Pete's Whipping Boy
Thumper silently mouthed "No hope in hell" when I looked at her wondering if I could get one last 72 hour pass. Not to be. You invite guests and suddenly it all becomes much more serious and staid.
Mike is one of the more faithful of the extended clan and points out that St. Peter eternally tests us in this world. No longer a believer, I will accept at the very least that Pete is out there somewhere spinning the wheel of fate and sticking his finger in to stop it on "wild card." I know, I've been there.
When you leave Fenway in the 8th, Ortiz slams in a four runner. When you lock the lot into a seventy six year, one percent CD, the market decides the sky's the limit. When you find the woman you're going to marry and are only going to the upscale grocery joint because they carry a pink lemonade fizzy drink that works well with gin, St. Peter puts a cutie in line ahead of you who is just no end of interested in what you're going to do with the tilapia this weekend.
I thought I'd cry in it.
Here, take the fish. She already loves me. I can't really impress her any more.

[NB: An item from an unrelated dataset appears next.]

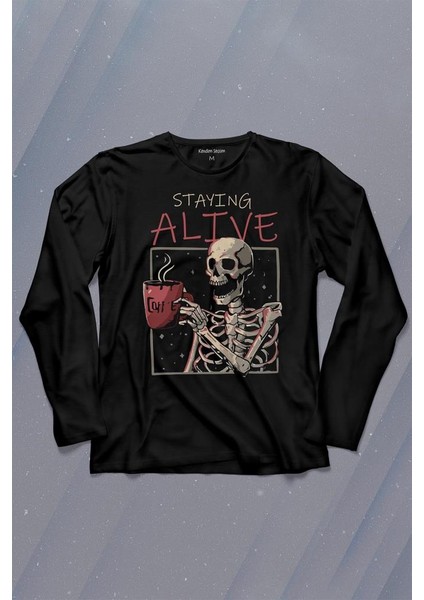 Kuru Kafa Kahve Coffee Uzun Kollu Tişört Baskılı Çocuk T-Shirt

I'm ok with being Pete's occasional whipping boy. It reminds me that we all have choices in life and once made, can't really hit the re-set button to try again.
Contrary to Robert Frost, who at JFK's innaugural read from his piece, "Yellow Wood" as follows:
"Two roads diverged into a yellow wood and I,
I took the one less travelled by.
Yet wondered if I'd have gotten lucky on the first date,
Had I taken the other."
The president-elect clapped heartily.
One of these days, "Pete's Whipping Boy" will become a book. The foibles of a hopeless fellow who has opportunity dropped into his lap just when things finally seem to be working out. It will read into the center of the book where it will marry to "Murphy's Handmaiden"; the story of a woman who lives anything that can go wrong, will and will be tax-audited to boot.
I'm not sure what will happen when the stories meet. You're going to have to stick around to find out.